= What you should do =
Without changing a character, return the entries, but not the images they hold.

= Listed entries =
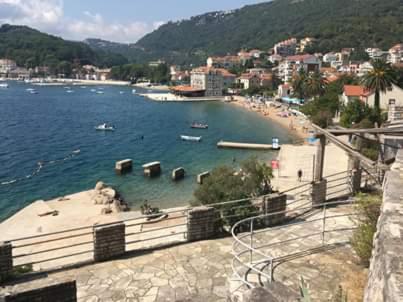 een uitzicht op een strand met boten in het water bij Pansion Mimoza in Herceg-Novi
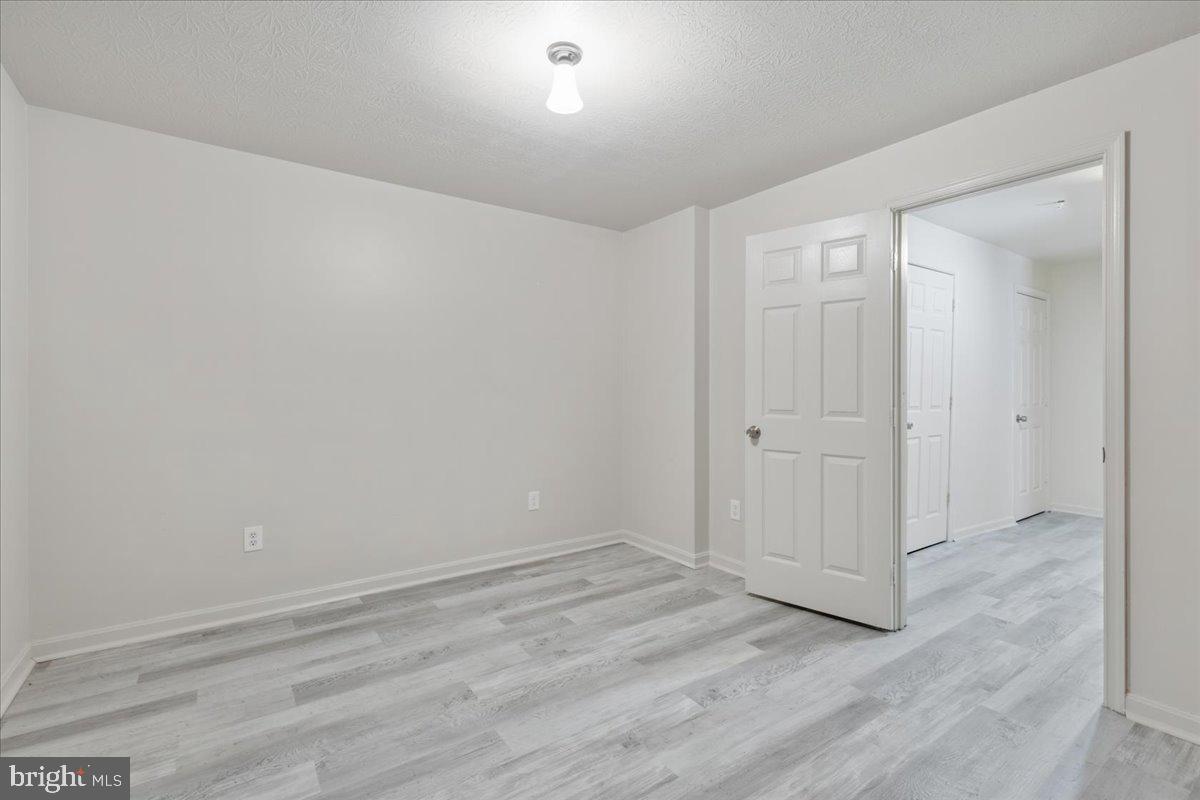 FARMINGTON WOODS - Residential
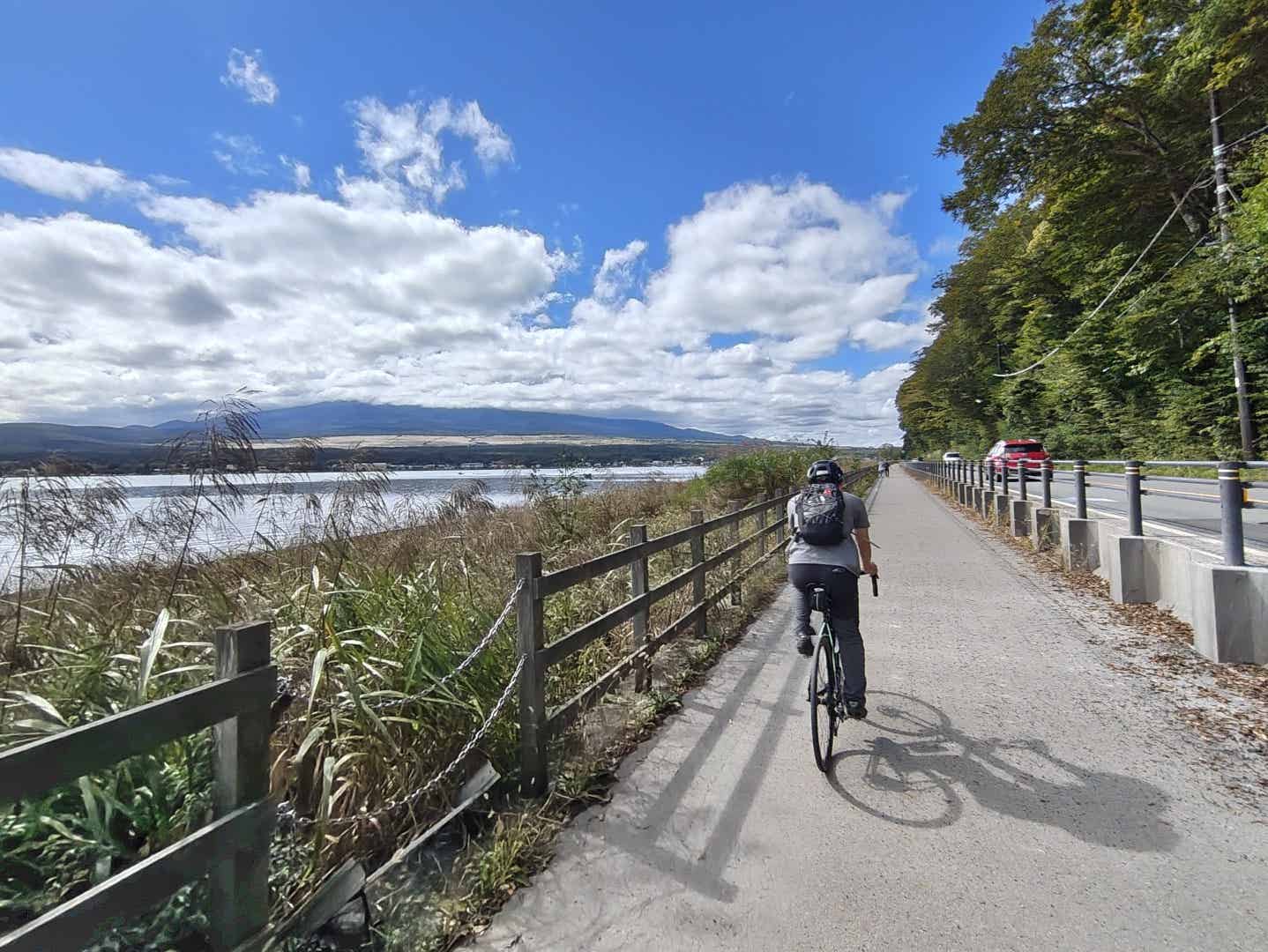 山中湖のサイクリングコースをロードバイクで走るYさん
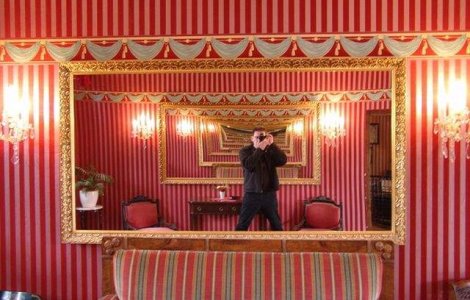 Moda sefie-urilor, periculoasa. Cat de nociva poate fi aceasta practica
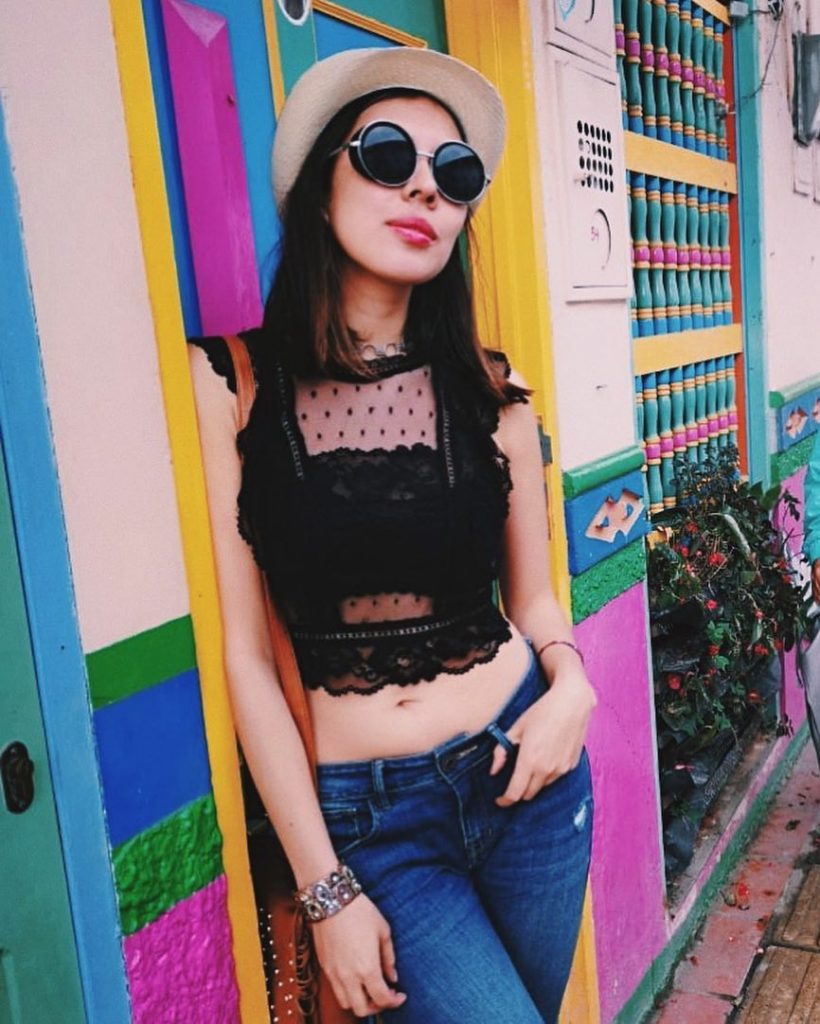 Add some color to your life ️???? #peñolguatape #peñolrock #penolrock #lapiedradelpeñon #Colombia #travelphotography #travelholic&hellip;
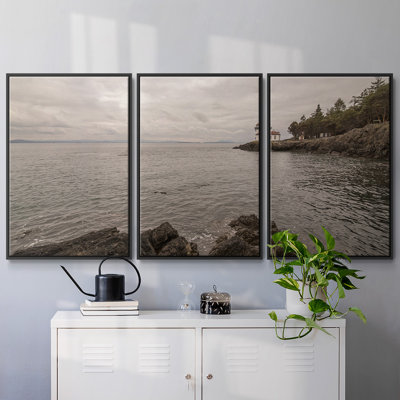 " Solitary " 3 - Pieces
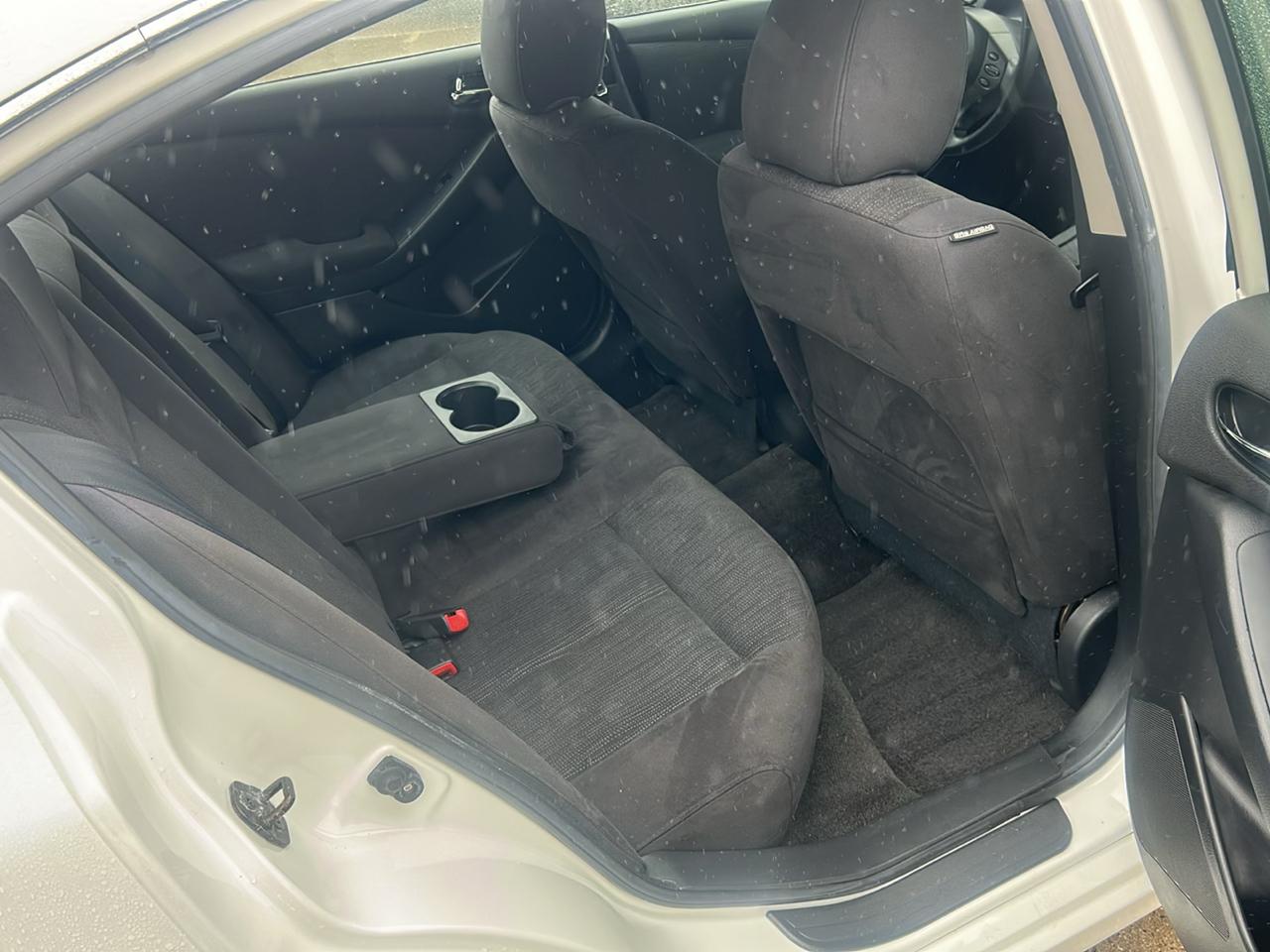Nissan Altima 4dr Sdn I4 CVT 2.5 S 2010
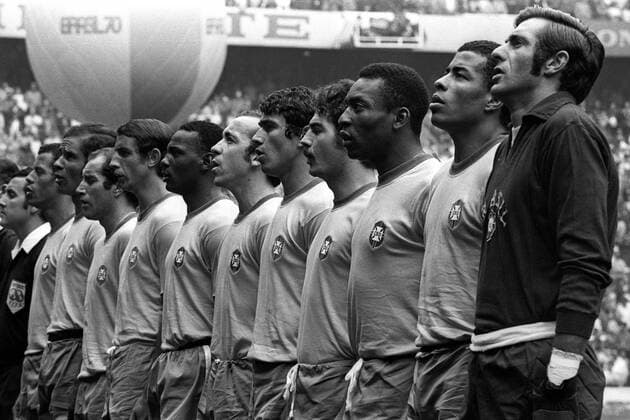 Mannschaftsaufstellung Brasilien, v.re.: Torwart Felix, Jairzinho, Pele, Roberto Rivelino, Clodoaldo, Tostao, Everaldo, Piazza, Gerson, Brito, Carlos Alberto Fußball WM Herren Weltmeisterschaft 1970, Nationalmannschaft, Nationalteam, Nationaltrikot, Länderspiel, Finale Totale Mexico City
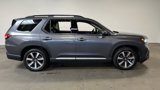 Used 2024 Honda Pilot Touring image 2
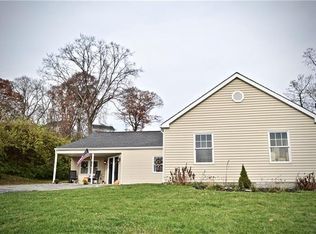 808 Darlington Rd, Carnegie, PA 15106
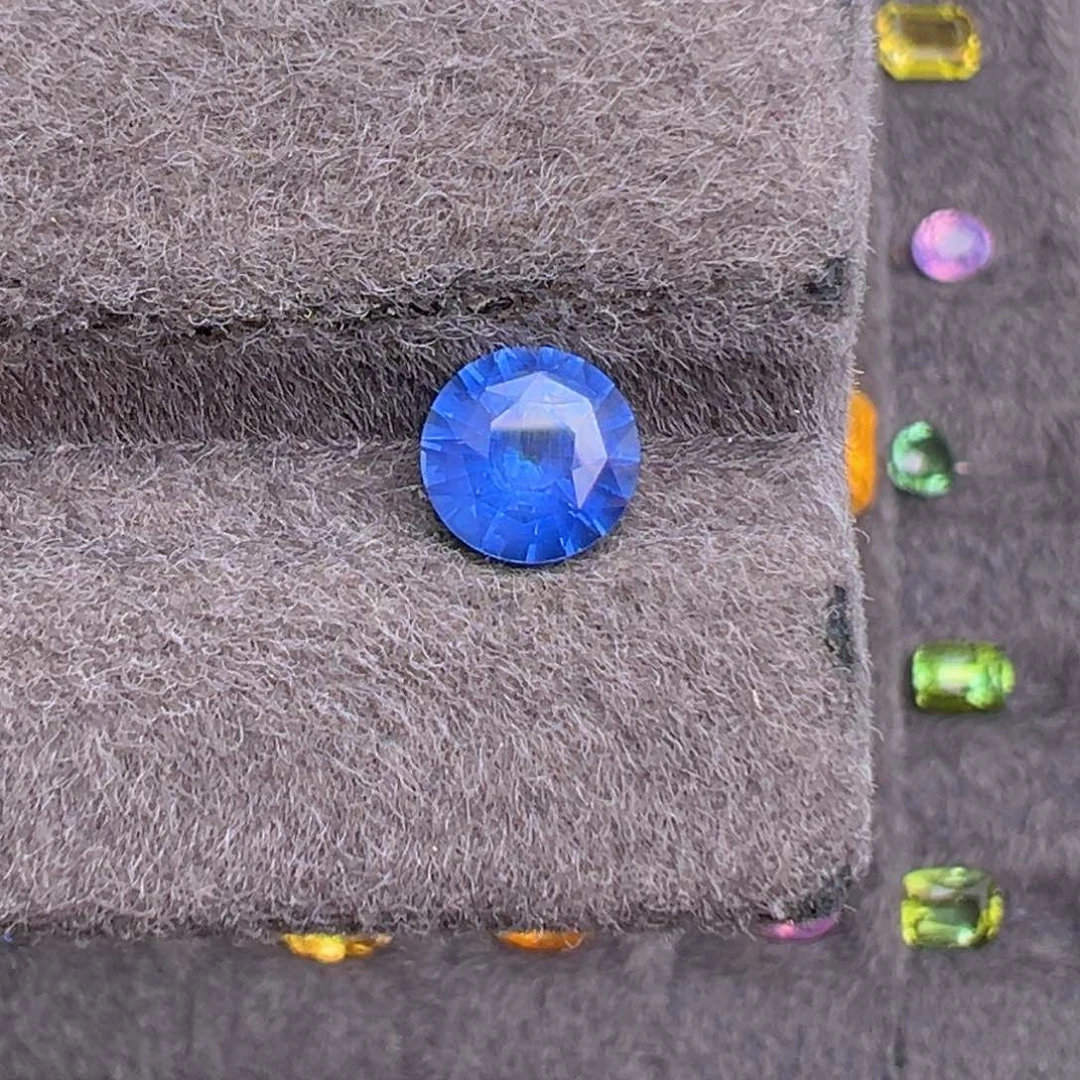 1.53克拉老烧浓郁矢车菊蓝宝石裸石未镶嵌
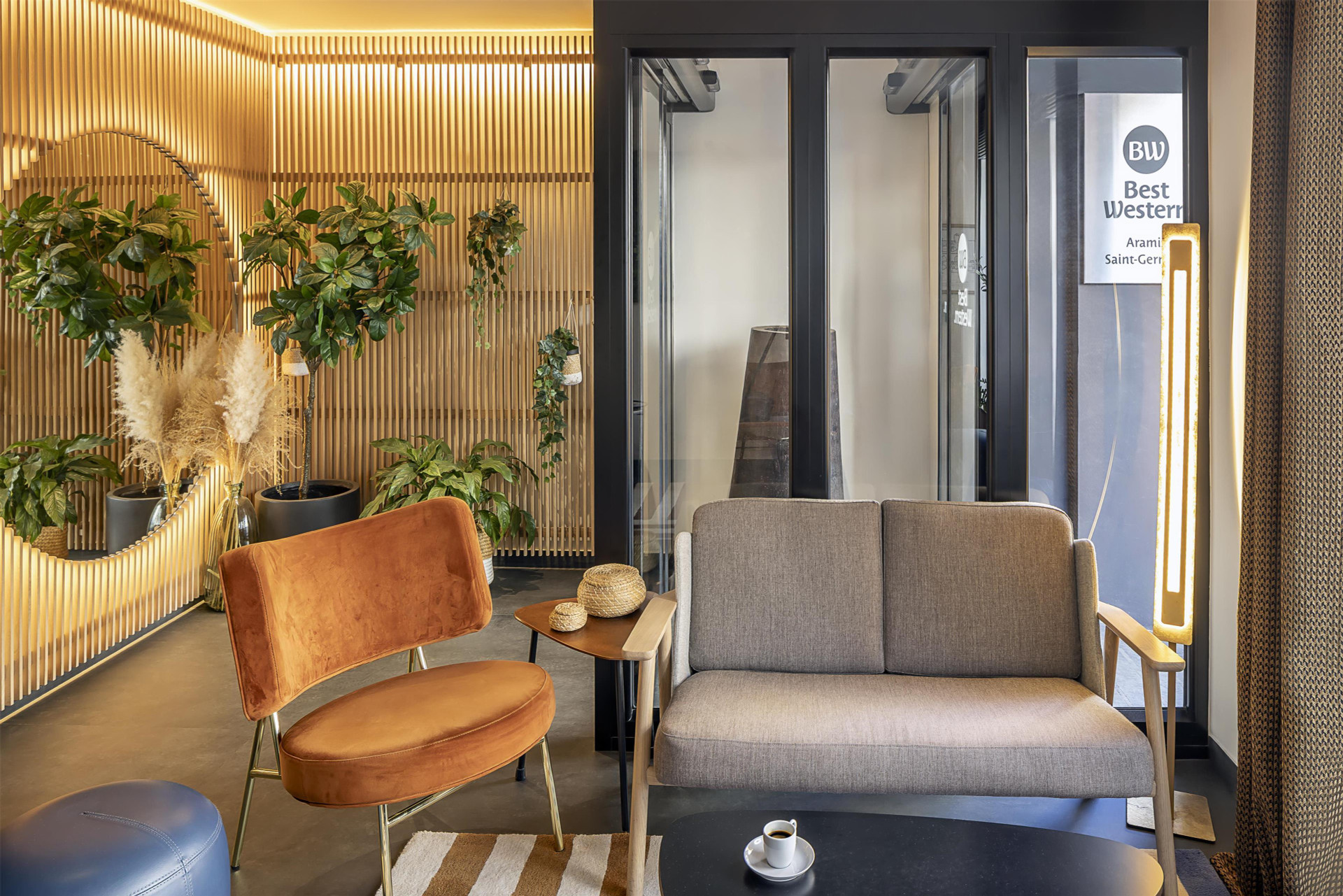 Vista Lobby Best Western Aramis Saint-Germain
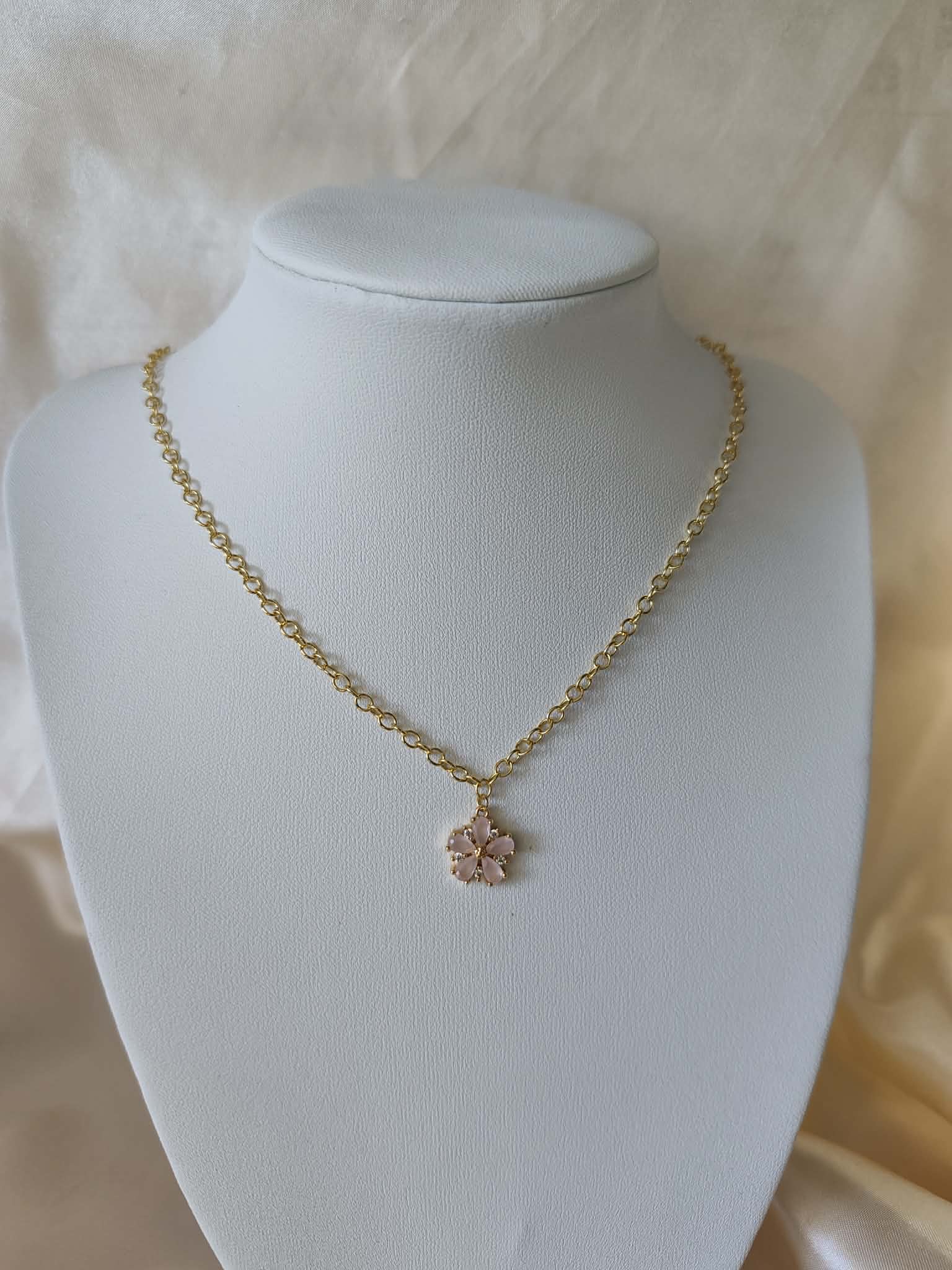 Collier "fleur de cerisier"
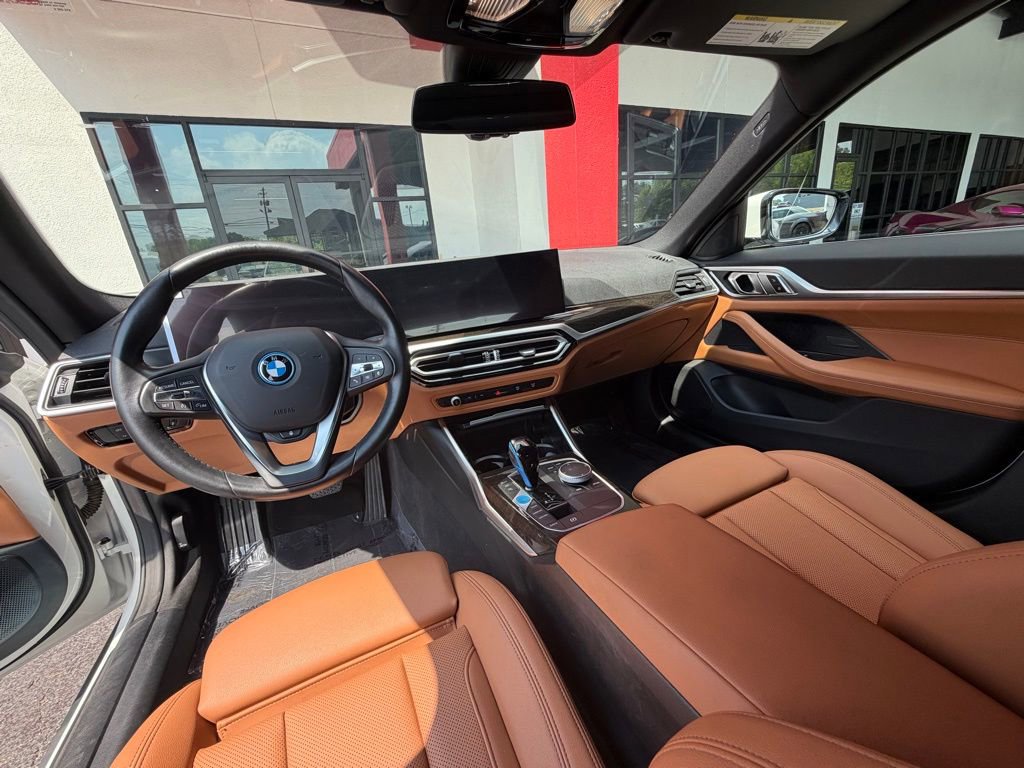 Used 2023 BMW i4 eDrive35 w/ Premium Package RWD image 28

= Your solution =
 een uitzicht op een strand met boten in het water bij Pansion Mimoza in Herceg-Novi
 FARMINGTON WOODS - Residential
 山中湖のサイクリングコースをロードバイクで走るYさん
 Moda sefie-urilor, periculoasa. Cat de nociva poate fi aceasta practica
 Add some color to your life ️???? #peñolguatape #peñolrock #penolrock #lapiedradelpeñon #Colombia #travelphotography #travelholic&hellip;
 " Solitary " 3 - Pieces
Nissan Altima 4dr Sdn I4 CVT 2.5 S 2010
 Mannschaftsaufstellung Brasilien, v.re.: Torwart Felix, Jairzinho, Pele, Roberto Rivelino, Clodoaldo, Tostao, Everaldo, Piazza, Gerson, Brito, Carlos Alberto Fußball WM Herren Weltmeisterschaft 1970, Nationalmannschaft, Nationalteam, Nationaltrikot, Länderspiel, Finale Totale Mexico City
 Used 2024 Honda Pilot Touring image 2
 808 Darlington Rd, Carnegie, PA 15106
 1.53克拉老烧浓郁矢车菊蓝宝石裸石未镶嵌
 Vista Lobby Best Western Aramis Saint-Germain
 Collier "fleur de cerisier"
 Used 2023 BMW i4 eDrive35 w/ Premium Package RWD image 28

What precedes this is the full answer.